More detailed DOL guidance on record retention. Two recommendations seek DOL guidance confirming that this retention period would apply to an extensive list of documentation relating to participants’ eligibility and benefits, including payroll and employment records; documents such as birth, marriage and divorce certificates; election forms; benefit payment registers; and participant benefit statements. The council’s suggested retention period would also apply to plan information, like plan documents and summary plan descriptions, IRS determination and opinion letters, and records such as trust statements and minutes of investment or fiduciary committee meetings. The council also encourages DOL to consult with ERISA plan auditors to identify other documents that should be covered and determine whether a shorter retention period may be appropriate for certain categories of records.

Ability to outsource record maintenance.

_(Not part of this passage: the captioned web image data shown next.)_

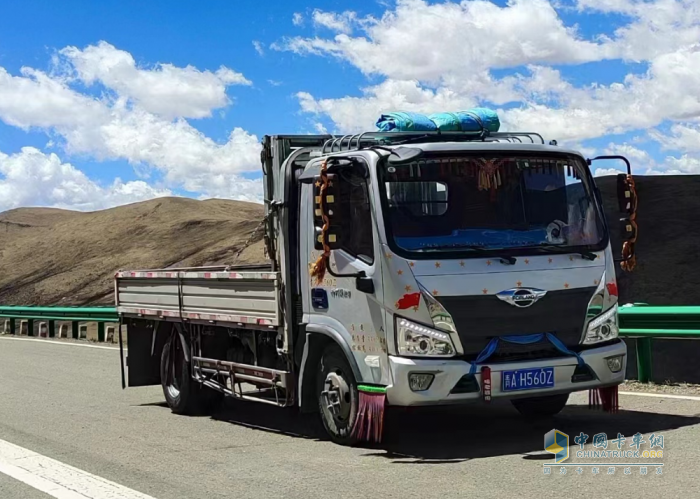 青?？ㄓ?福田領(lǐng)航輕卡用的好，又帶新客戶過來了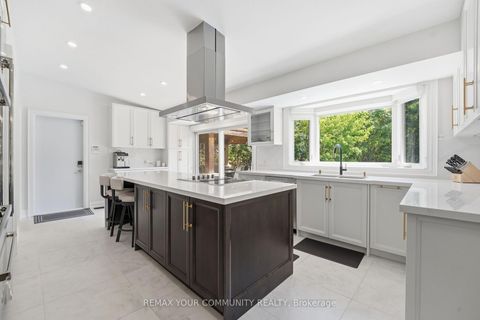 Photo 17 at 35 Idleswift Drive, Uplands, Vaughan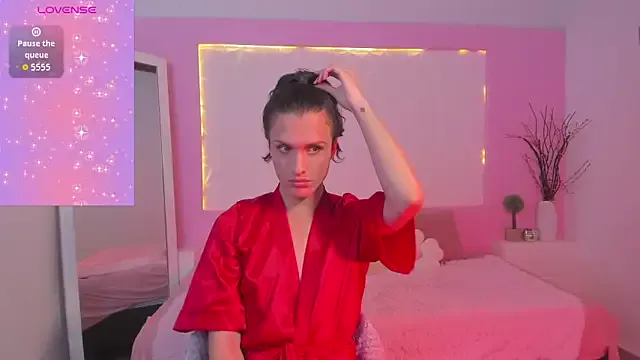 IsabelFernandez from StripChat is Freechat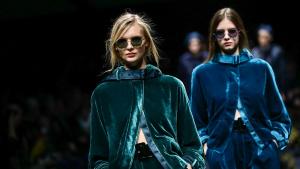 Армани и Версаче: Вечното съперничество между два модни гиганта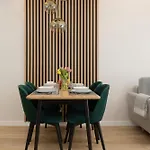 Apartmanhotel Lux Wellness By The River By Renters Prestige 4*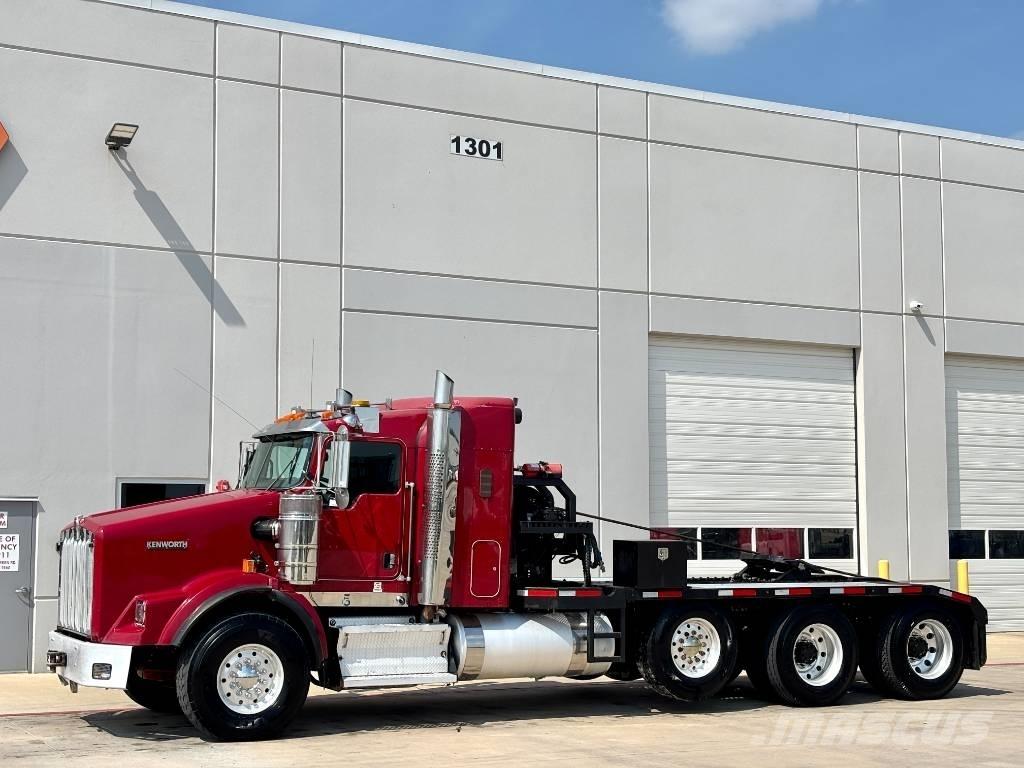 Kenworth T 800 Műszaki mentők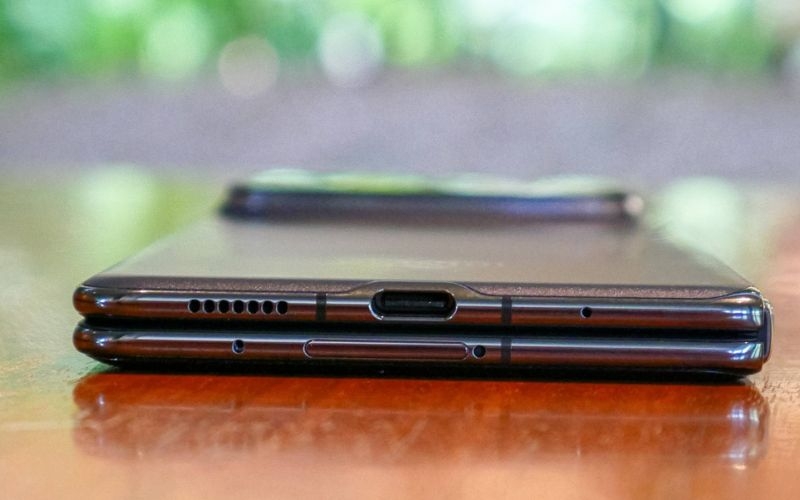 Đánh giá Xiaomi MIX Fold 4 về pin, sạc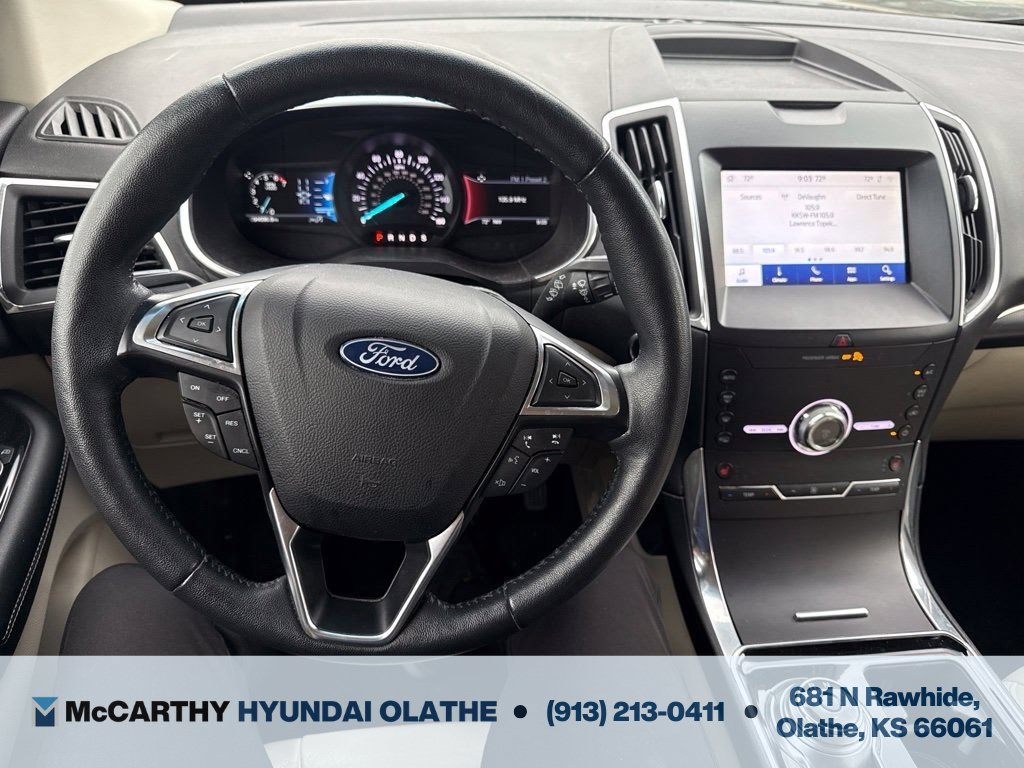 Used 2020 Ford Edge Titanium FWD image 4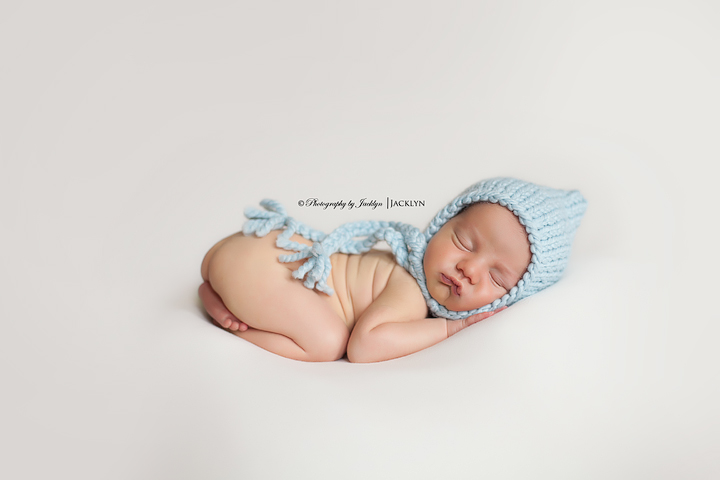 newborn photography community critique photo submitted by Jacklyn Capt - 3 community members set this photo as a favourite image.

The council says this DOL guidance should confirm that plan officials may continue to contract with vendors (such as recordkeepers, payroll processors or human resource information systems companies) to maintain records, including after plan termination. For instance, the report suggests that the sponsor of a terminating defined benefit (DB) plan could contract with the annuity provider or another vendor to maintain plan records for the requisite retention period.

Encourage record-retention policies. The report recommends that DOL encourage sponsors and fiduciaries to adopt written record-retention policies. The council also suggested DOL consider developing a customizable model record-retention policy.

Educational outreach for small plans. To address concerns that sponsors and fiduciaries lack awareness of their record-retention obligations, the council asks DOL to consider an educational campaign. The council specifically notes that the campaign should include education about data requirements for terminating DB plans.

Guidance about vendor responsibilities and oversight

Although sponsors and fiduciaries have primary responsibility for compliance with ERISA’s record-retention requirements, most plan records are created and maintained electronically by third-party vendors. The council heard testimony indicating that sponsors and fiduciaries may not fully understand their own recordkeeping responsibilities versus those of their vendors and found a wide disparity in service providers’ contracts. Several of the report’s recommendations aim to clarify the roles and obligations of sponsors, fiduciaries and vendors.

Require provisions in vendor contracts. The council found that vendor agreements often fail to adequately address the vendor’s contractual responsibilities, particularly for cooperating with the transfer of records after plan-level transactions like recordkeeper transitions or DB plan pension risk transfers. The council recommends DOL mandate that vendor contracts include provisions that allow fiduciaries to periodically monitor the vendor, provide plan officials with access to participant data (for at least seven years after contract termination) and require the vendor on contract termination to transfer all records to the successor vendor in a reasonable period of time.

Educate sponsors about vendor controls. The council determined that a vendor’s lack of sufficient operating controls can jeopardize the “reliability, accuracy, completeness and authenticity” of electronic plan records. The council believes DOL should educate sponsors and fiduciaries about obtaining system and organizational controls (SOC) reports to assess a vendor’s controls during the initial vendor selection and ongoing monitoring process. DOL should also educate sponsors about the need to implement the complementary user entity controls (CUECs) required by the vendor.

Clarify vendor’s potential fiduciary status. Long-standing DOL guidance maintains that persons performing “ministerial functions” for a plan within a framework of policies, practices and procedures established by someone else aren’t ERISA fiduciaries. Noting some courts have applied this guidance to shield recordkeepers from fiduciary status — even when they may perform more than ministerial functions — the council recommends that DOL clarify that vendors may be fiduciaries, depending on the facts and circumstances.